Why to use activation units/functions (non-linearity) inside convolution neural networks (CNNs)

I have struggled in the past to really understand the real meaning behind the use of activation functions in the CNN architecture.
I will try to make it very clear using a simple use case

Let’s take a 3 layer neural Network architecture (below figure), w1, w2, w3, b1, b2, b3 are the weight vectors and bias vectors between the layers. Assume X [x1, x2, x3] is the input to the network.

As we know the output after a layer (neuron) is multiplication between weight and “output from the last layer” and then added bias i.e (Y = WX + b)

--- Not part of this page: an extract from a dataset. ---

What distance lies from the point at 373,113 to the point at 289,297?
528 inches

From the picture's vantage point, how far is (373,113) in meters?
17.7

Let’s focus on the first row (w11,b11,w21,b21 ..)of the network.

Output after neuron 1 (first neuron in row 1) and 2 (second neuron )

y1 = w11 * x1 + b11

y2 = W21 * y1+ b21 (here input is output from the last layer)

if you have deeper network then this continues. output = W * (output -1) + b

Breaking down Y2,

y2 = W21 * (W11 * x1 + b11) + b21

Y2 = (W21 * W11) * x1 + (W21 * b11) + b21

Y2 = NewConstant1 * x1 + NewConstant2

Y2 holds same linear combination with the input x1, weight (newConstant1) and bias (newConstant2) i.e W*X + b.

Even if you have very deeper network without activation functions, your networks ends-up doing nothing but simple linear classification or equivalent to one layer network.

Trending AI Articles:

1. Machine Learning Concepts Every Data Scientist Should Know

2. AI for CFD: byteLAKE’s approach (part3)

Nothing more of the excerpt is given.